• **Crawled caption data**:
::::::::::
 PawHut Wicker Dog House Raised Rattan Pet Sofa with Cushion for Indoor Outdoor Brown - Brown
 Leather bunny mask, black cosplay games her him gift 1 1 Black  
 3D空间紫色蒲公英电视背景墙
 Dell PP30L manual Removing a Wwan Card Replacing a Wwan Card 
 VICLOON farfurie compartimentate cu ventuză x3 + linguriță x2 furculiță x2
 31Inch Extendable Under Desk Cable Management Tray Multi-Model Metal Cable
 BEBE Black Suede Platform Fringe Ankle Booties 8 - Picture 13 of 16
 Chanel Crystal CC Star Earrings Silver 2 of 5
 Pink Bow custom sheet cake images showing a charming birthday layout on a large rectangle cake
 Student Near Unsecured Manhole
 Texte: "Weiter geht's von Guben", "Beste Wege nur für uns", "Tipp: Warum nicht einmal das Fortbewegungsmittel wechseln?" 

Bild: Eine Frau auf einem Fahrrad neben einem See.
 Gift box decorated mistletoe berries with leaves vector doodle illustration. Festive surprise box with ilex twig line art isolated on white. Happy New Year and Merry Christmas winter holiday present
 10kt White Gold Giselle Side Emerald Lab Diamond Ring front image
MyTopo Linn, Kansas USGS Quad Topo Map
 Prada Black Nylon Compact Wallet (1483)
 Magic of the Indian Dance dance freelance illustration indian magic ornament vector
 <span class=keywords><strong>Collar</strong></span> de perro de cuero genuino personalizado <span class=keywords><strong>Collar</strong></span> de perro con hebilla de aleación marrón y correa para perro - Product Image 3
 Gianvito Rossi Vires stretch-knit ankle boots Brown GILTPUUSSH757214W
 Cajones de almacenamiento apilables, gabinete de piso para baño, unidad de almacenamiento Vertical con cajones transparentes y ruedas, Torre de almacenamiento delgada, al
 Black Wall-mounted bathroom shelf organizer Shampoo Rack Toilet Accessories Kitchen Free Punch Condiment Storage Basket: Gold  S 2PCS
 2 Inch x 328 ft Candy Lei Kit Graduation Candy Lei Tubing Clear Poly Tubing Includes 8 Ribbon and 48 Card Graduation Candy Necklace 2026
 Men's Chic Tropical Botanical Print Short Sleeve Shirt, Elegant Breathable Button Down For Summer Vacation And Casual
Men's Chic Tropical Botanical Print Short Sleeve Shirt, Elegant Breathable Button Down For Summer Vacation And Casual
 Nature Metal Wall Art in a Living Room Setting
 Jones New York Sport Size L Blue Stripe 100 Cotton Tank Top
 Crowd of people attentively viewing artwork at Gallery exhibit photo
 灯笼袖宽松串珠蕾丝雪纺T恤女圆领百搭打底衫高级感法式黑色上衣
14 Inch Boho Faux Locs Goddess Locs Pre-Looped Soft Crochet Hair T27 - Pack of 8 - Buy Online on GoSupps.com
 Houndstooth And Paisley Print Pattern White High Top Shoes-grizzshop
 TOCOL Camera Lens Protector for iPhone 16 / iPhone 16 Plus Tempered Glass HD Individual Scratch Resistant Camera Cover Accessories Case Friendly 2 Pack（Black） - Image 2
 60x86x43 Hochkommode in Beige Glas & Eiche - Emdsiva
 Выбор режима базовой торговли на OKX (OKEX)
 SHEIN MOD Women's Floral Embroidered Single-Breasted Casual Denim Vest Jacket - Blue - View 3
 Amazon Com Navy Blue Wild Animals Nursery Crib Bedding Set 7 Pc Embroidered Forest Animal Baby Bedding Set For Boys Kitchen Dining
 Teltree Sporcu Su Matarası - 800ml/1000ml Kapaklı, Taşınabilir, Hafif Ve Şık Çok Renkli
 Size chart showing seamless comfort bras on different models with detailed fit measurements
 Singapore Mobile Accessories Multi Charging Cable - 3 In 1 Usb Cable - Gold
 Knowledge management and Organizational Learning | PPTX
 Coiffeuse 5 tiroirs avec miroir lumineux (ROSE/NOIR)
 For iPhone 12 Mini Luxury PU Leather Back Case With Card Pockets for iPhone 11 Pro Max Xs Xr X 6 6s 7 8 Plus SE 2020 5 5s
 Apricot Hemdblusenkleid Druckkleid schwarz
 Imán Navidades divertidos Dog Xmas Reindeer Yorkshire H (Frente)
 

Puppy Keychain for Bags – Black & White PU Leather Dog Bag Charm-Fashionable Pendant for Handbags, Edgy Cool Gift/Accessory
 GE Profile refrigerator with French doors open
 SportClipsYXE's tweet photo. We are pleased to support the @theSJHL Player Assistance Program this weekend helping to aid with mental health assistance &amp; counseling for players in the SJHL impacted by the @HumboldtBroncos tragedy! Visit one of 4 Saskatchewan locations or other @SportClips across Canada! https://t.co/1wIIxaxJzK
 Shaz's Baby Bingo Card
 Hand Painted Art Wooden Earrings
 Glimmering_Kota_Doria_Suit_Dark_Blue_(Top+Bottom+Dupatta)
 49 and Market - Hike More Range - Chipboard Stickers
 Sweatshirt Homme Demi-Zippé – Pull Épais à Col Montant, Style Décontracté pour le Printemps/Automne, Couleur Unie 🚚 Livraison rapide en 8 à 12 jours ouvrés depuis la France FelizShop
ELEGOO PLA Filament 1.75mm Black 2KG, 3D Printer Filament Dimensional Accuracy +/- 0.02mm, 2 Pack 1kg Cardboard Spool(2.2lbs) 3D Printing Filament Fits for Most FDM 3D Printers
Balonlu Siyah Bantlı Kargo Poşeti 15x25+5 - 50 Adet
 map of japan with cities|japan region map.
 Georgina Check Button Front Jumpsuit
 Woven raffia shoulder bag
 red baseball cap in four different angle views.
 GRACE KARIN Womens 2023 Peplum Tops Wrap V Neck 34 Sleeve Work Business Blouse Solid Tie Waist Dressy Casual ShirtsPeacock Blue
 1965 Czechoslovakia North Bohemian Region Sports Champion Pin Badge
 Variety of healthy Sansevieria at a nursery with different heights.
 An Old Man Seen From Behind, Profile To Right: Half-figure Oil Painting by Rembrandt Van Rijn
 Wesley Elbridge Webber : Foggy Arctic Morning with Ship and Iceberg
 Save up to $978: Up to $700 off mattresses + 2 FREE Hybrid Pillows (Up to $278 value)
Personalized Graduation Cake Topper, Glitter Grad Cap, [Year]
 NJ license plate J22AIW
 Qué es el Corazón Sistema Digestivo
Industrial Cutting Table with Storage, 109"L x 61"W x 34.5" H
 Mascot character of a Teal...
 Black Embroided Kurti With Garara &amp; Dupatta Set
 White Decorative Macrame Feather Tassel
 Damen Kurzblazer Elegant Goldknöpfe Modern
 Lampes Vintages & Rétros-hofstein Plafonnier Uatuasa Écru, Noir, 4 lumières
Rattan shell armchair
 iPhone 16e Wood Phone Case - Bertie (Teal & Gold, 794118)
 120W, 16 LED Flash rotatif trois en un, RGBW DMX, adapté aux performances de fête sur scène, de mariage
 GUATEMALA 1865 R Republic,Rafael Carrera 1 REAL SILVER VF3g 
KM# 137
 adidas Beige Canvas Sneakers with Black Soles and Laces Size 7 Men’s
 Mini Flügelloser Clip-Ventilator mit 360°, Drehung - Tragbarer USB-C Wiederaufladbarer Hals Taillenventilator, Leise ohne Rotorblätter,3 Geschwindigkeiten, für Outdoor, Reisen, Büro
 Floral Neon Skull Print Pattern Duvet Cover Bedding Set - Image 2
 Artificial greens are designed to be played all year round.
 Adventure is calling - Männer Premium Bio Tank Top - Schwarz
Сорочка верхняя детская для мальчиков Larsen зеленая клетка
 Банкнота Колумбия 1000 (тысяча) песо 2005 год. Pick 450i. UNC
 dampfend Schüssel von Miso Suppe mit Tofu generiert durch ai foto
::::::::::
• **REQUIRED WORK**: Above are the entries. Output exactly the lines beginning with the line that has "Wesley Elbridge Webber" and ending with the line that has "Industrial Cutting Table".

• **ANSWER BELOW**:
 Wesley Elbridge Webber : Foggy Arctic Morning with Ship and Iceberg
 Save up to $978: Up to $700 off mattresses + 2 FREE Hybrid Pillows (Up to $278 value)
Personalized Graduation Cake Topper, Glitter Grad Cap, [Year]
 NJ license plate J22AIW
 Qué es el Corazón Sistema Digestivo
Industrial Cutting Table with Storage, 109"L x 61"W x 34.5" H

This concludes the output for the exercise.